=== REQUIRED ACTION ===
Return the line that has "Oxygen by Quorum" and all lines below it through the last, exactly as they stand; omit pictures.

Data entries
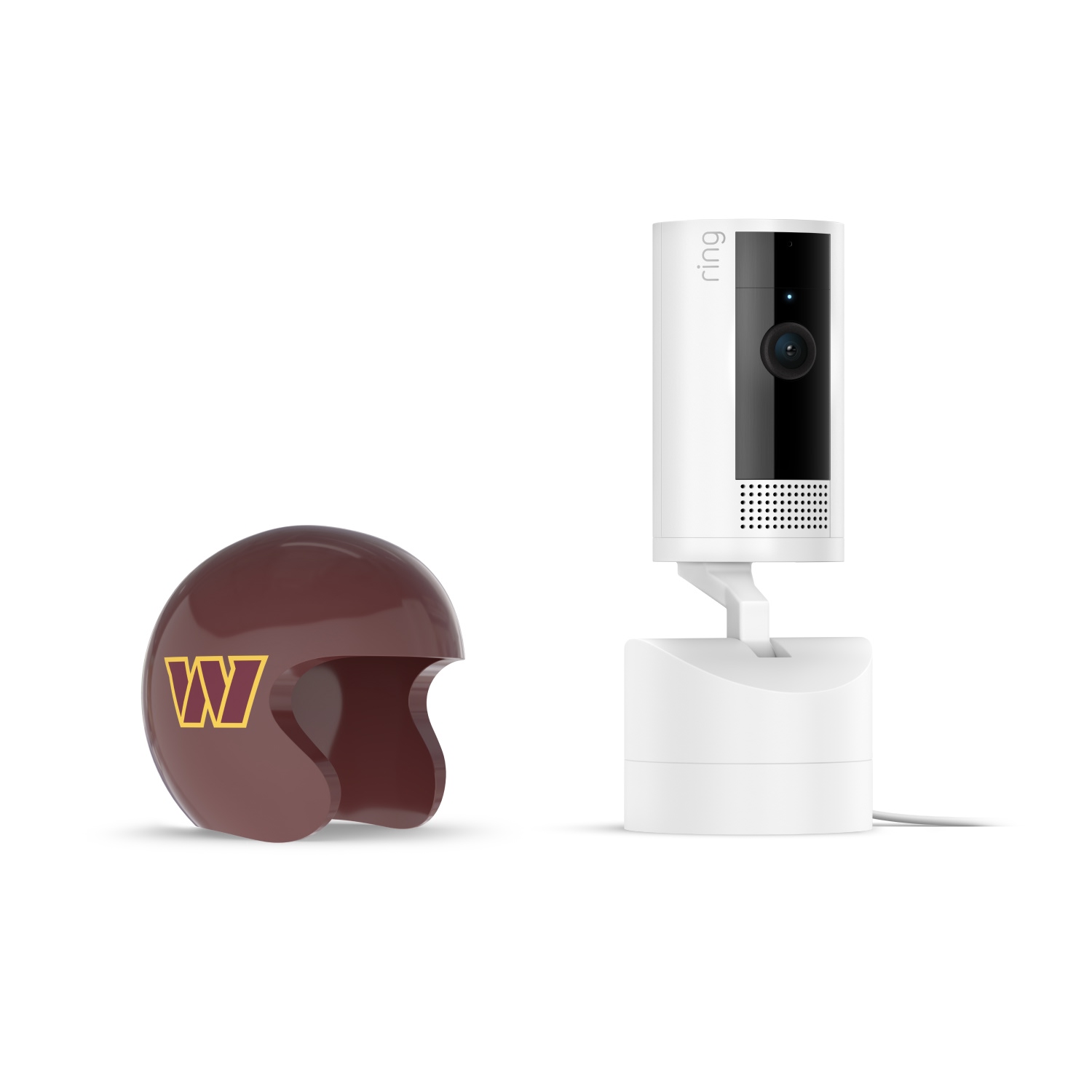 Pan-Tilt Indoor Cam, White + NFL Game Day Cam Cover — NFC - White Ring indoor camera on a stand next to a maroon mini football helmet with a yellow “W” logo on a white background.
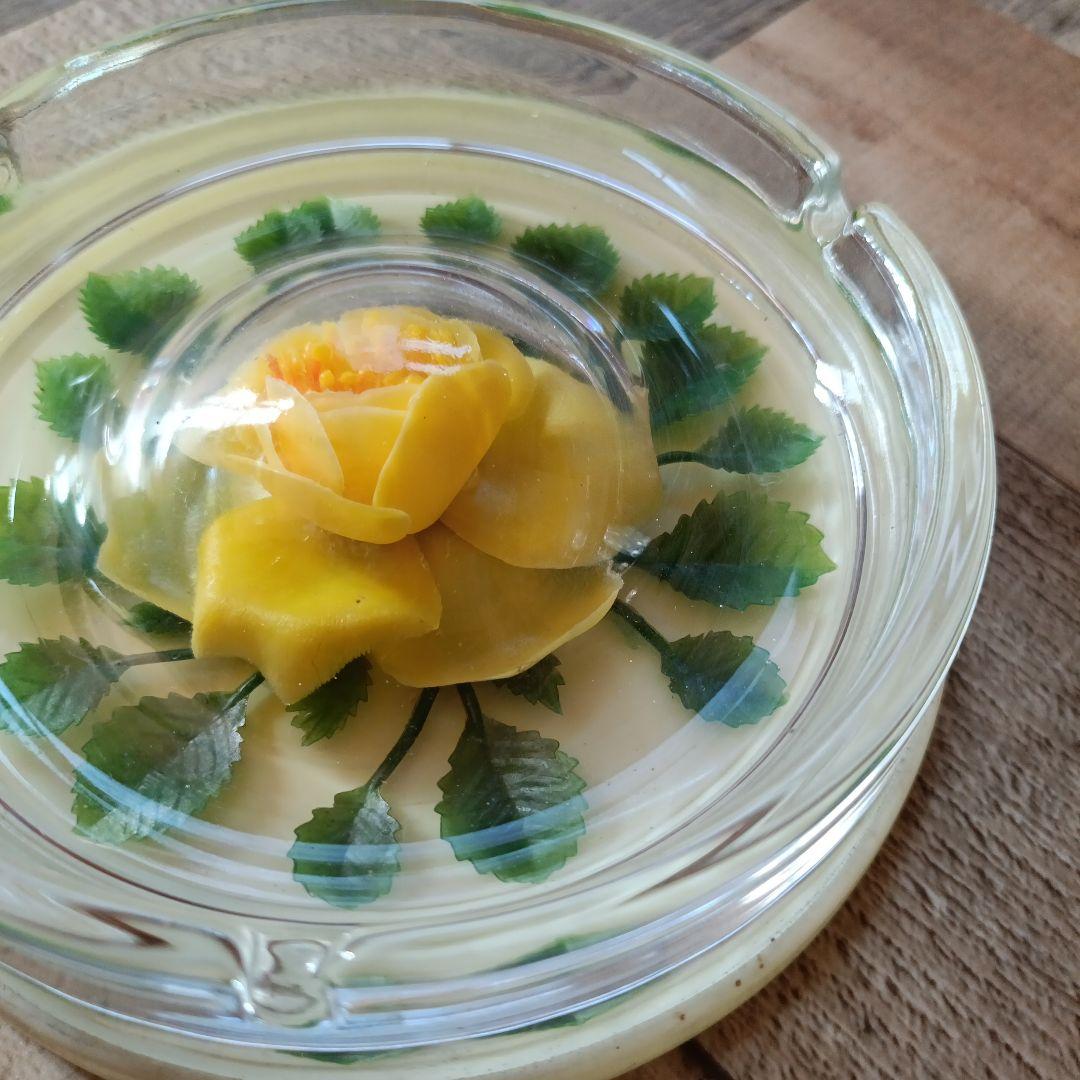 【昭和レトロ】黄色花デザイン ガラス灰皿①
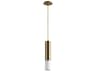 Oxygen by Quorum Opus 1-Light Aged Brass Cylinder Mini Pendant
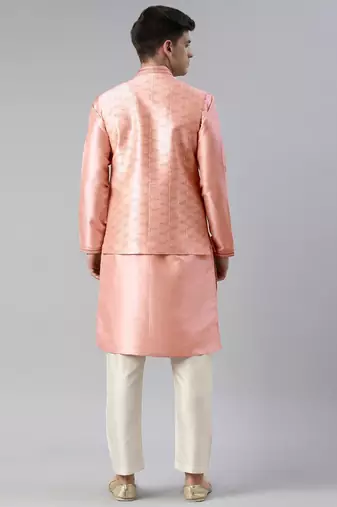 Pink printed  overlap jacket kurta set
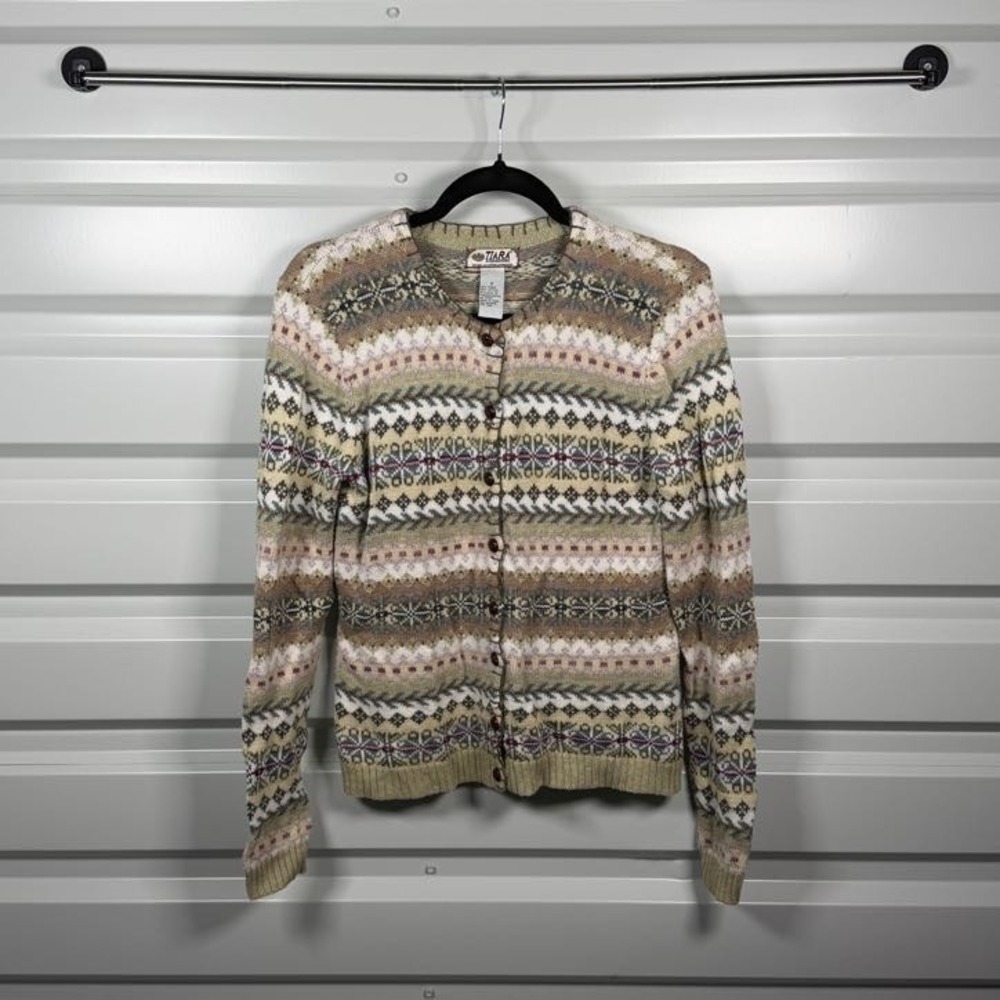 Tiara International‎ Vintage Fair Isle Cardigan Sweater Green Tan Small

=== EXERCISE RESULT ===
 Oxygen by Quorum Opus 1-Light Aged Brass Cylinder Mini Pendant
 Pink printed  overlap jacket kurta set
 Tiara International‎ Vintage Fair Isle Cardigan Sweater Green Tan Small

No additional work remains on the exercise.